Taking a hard look at ourselves
If the content of this discourse has changed somewhat, the form is almost identical. Before 1960, Québecers sought to correct the “irrationality” of Muslims abroad through conversion to Catholicism. These days, we work to inculcate secular values and focus on state neutrality.
However, we continue to reserve for ourselves the position of authority, explaining to The Other how he (or, more often, she, as of the passage of Bill 62, Québec’s religious neutrality law,) can acquire full subject status in our society.
Often, when we talk about Islamophobia in Québec, we do so in terms of the rise of anti-Islam sentiments across the Western world following the events of Sept. 11, 2001, or rely on secular frameworks transplanted from France. But the aggressive version of this hateful ideology that we are witnessing today is unique to the Québec context.
It is only through a critical reinterpretation of our own history of participation in Western imperialism, and a reckoning with the frankly Christian nature of our society — despite our insistence on secularity — that we can begin to build a version of Québec freed from the racist patterns of the 20th century.

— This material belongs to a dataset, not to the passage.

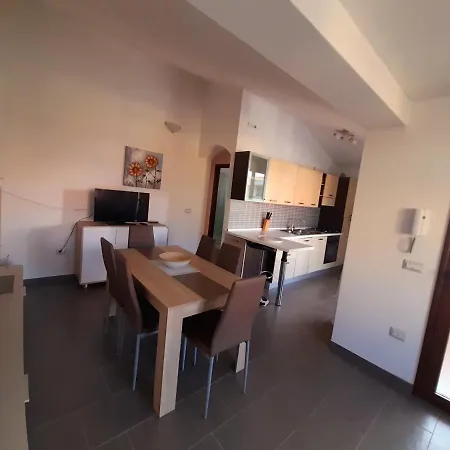 Bella E Nuova Casa Vacanze Sardegna * Lotzorai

Frederick Burrill is a PhD student at the Department of History, Concordia University, Montreal. A French version of this article appears also in The Conversation.
Note by Roger Annis:
Unfortunately, the writer has overlooked one of the worst examples of the pro-imperialist conduct of Quebec missionaries and charities abroad: the subversion and destruction of democracy in Haiti over the decades, culminating in the violent coup d’etat of February 29, 2004 which overthrew the elected president Jean-Bertrand Aristide. The coup was perpetrated by U.S.-backed paramilitaries. The U.S., Canada and France rushed soldiers into Haiti to consolidate the coup. A permanent military occupation under the auspices of the UN Security Council, known by its French acronym ‘MINUSTAH’, was put into place in June of 2004. To provide good public relations cover, Brazil was asked and accepted to play the lead role in the military side of MINUSTAH. This was the Brazil of President Luiz Inácio Lula da Silva, the historic leader of Brazil’s Partido dos Trabalhadores (Workers Party).
Quebec society was united across the political spectrum, left to right, in supporting the 2004 coup or turning a blind eye to it. Only small pockets of solidarity and antiwar forces spoke out against it, along with portions of Quebec’s estimated 80,000 residents of Haitin origin. The coup was a grave blow to the social justice aspirations of Haitians; these were doubly betrayed following the earthquake of January 12, 2010.
The Western powers and the international aid and charity industry attached to them promised to ‘build back better’ in Haiti but it was all a lie and charade. The many genuine aid and solidarity projects in Haiti were typically sidelined. See author Tim Swartz’ new book The Great Haiti Humanitarian Aid Swindle. The book is reviewed by Kim Ives here in Haiti Liberté weekly newspaper; an excerpt from the book is published here on Axis of Logic.